[[ Data to process, beginning ]]
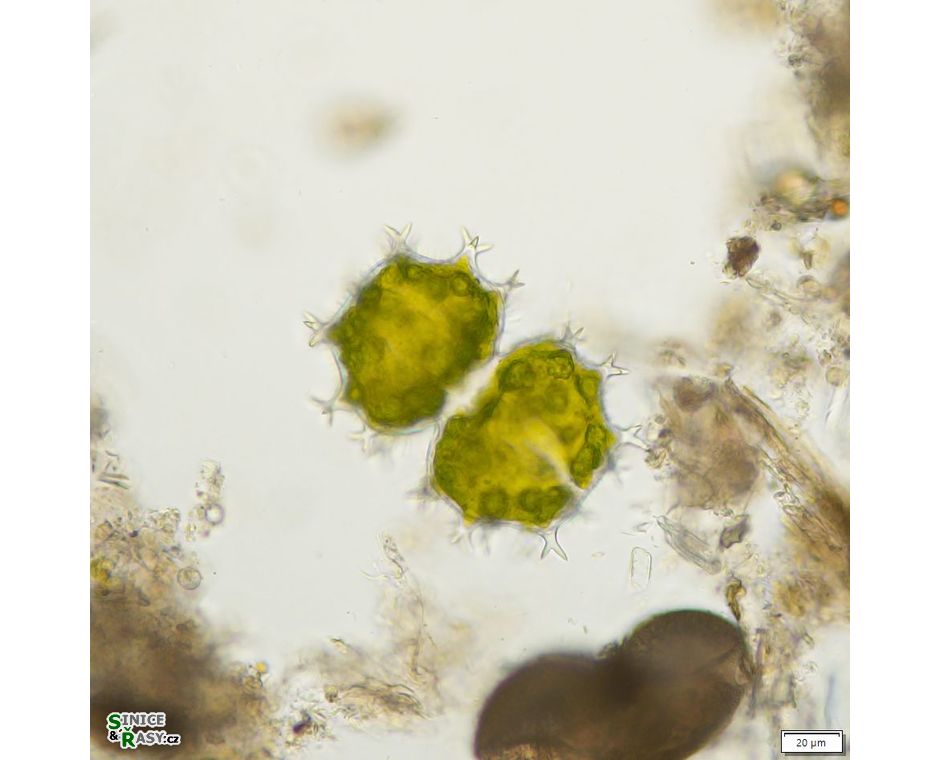Xanthidium armatum
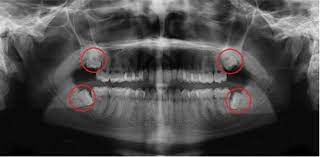 Three Strikes And You Re Out What Are Third Molars
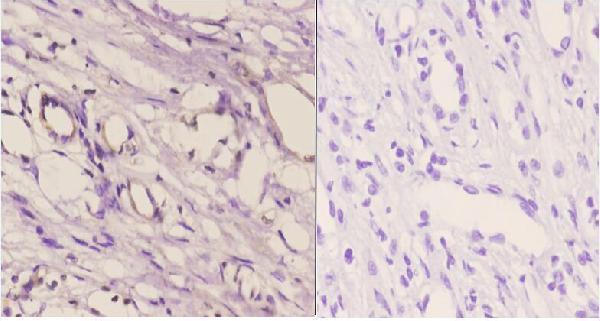 Immunohistochemistry (IHC) analyzes of Cadherin-16 (M810) pAb in paraffin-embedded human kidney carcinoma tissue at 1:50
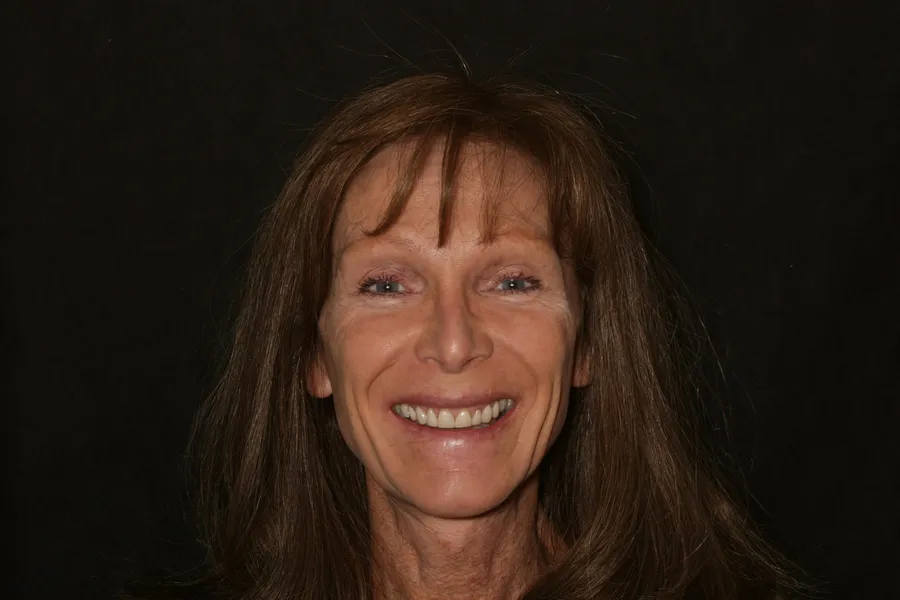 Before, 14 Porcelain Veneers: Debbie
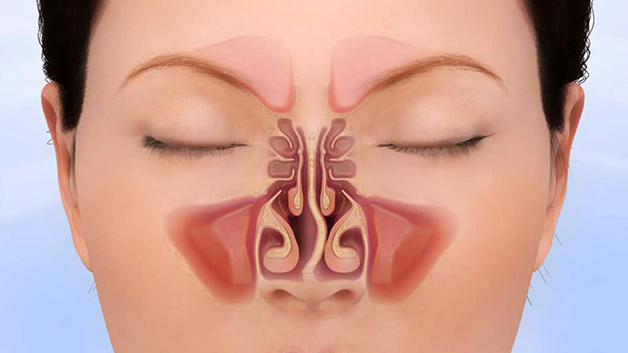 cách chữa viêm xoang mũi mãn tính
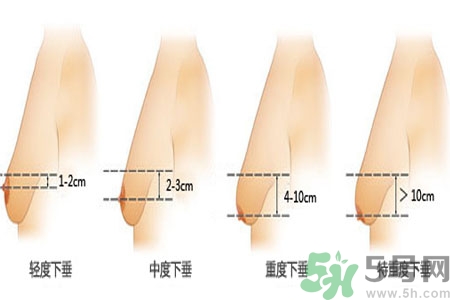 胸部松弛的原因是什么？胸部松弛該怎么辦？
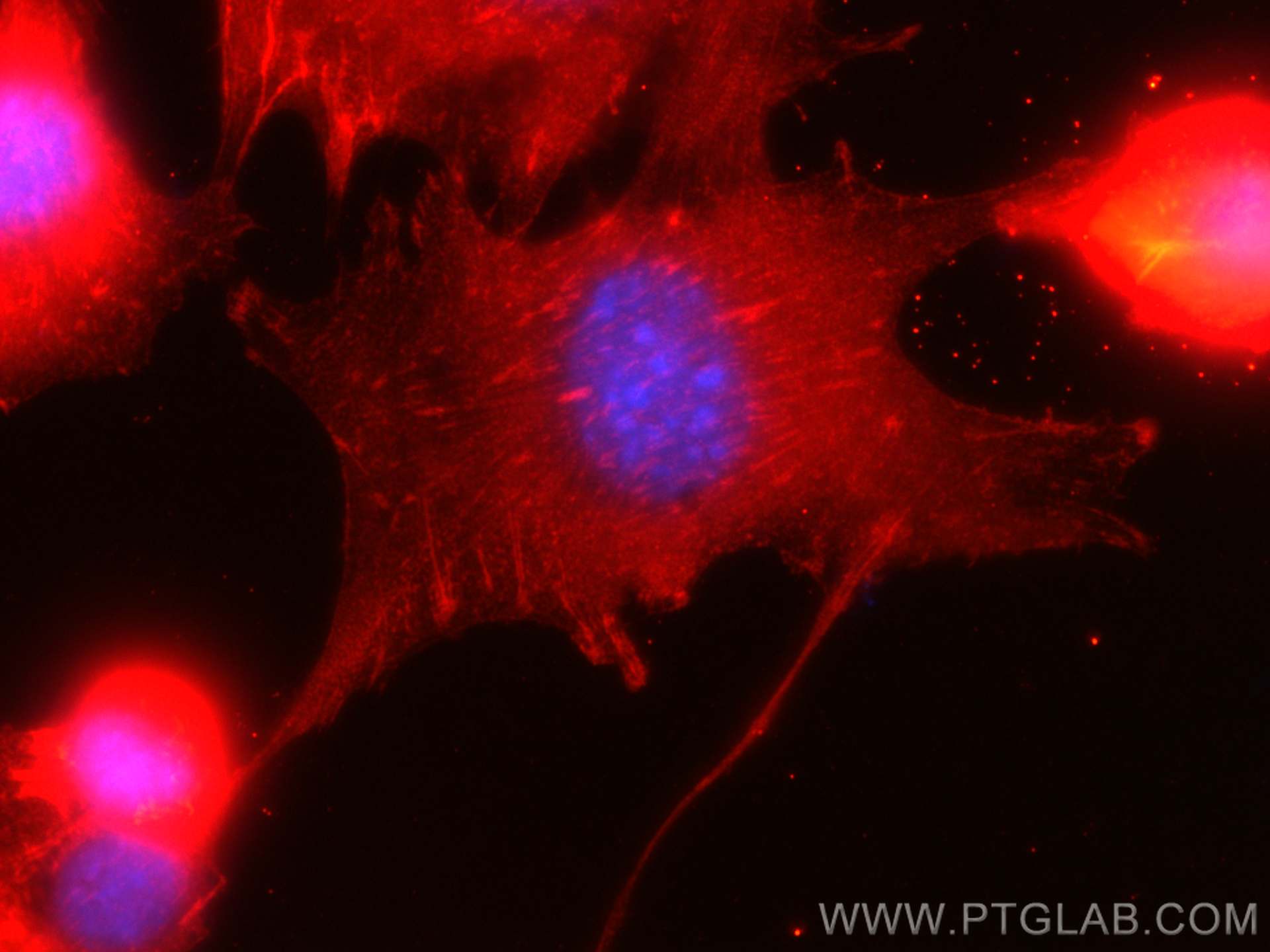 Immunofluorescence (IF) / fluorescent staining of C2C12 cells using CoraLite®594-conjugated Alpha Actinin Monoclonal a (CL594-66895)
[[ Data to process, end ]]
**Exercise aim:** Return verbatim every line from the one holding "Before, 14 Porcelain Veneers: Debbie" to the end of the records above. Do not copy the pictures.

**Problem solution:**
 Before, 14 Porcelain Veneers: Debbie
 cách chữa viêm xoang mũi mãn tính
 胸部松弛的原因是什么？胸部松弛該怎么辦？
 Immunofluorescence (IF) / fluorescent staining of C2C12 cells using CoraLite®594-conjugated Alpha Actinin Monoclonal a (CL594-66895)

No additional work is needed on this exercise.